• [TASK] Please give back the listing below word for word and drop any images.

• [INFORMATION SHOWN]

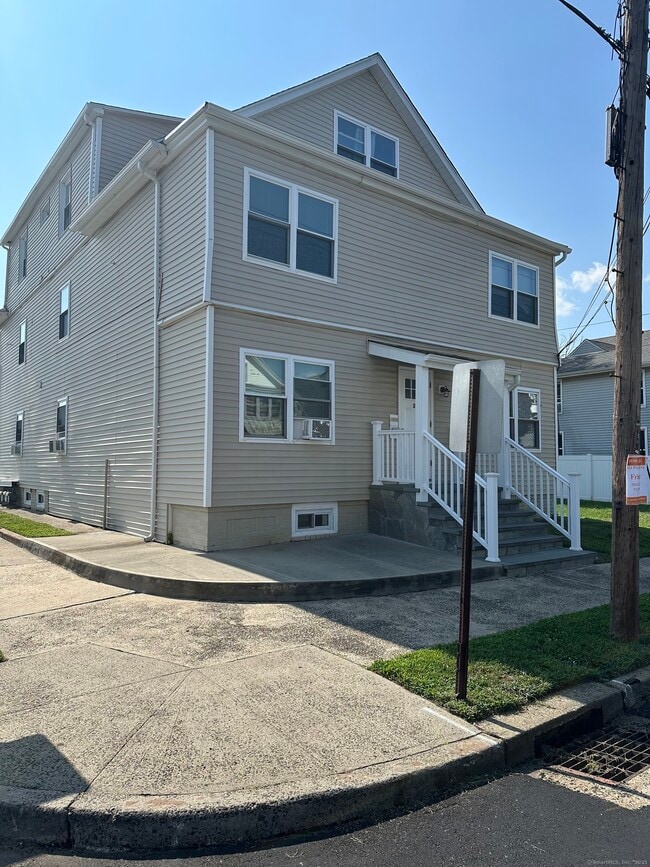36 East Ave in West Haven, CT - Building Photo - Building Photo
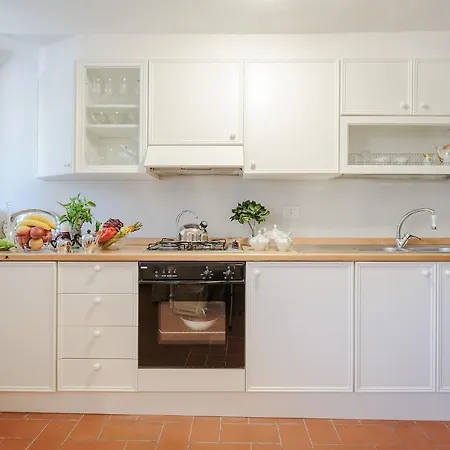 Casa Rosalba, Spacious With Elevator Along Via Guinigi Inside The Walls Lejlighed
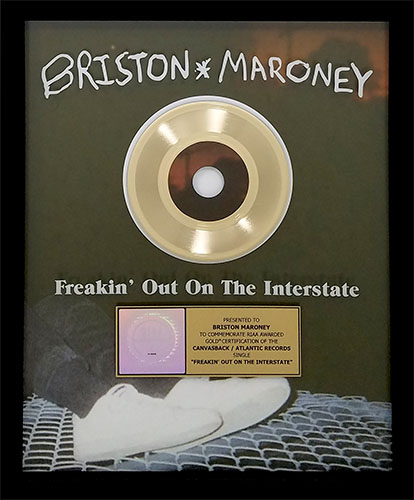 Briston Maroney - Freakin' Out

• [ANSWER SPACE]
36 East Ave in West Haven, CT - Building Photo - Building Photo
 Casa Rosalba, Spacious With Elevator Along Via Guinigi Inside The Walls Lejlighed
 Briston Maroney - Freakin' Out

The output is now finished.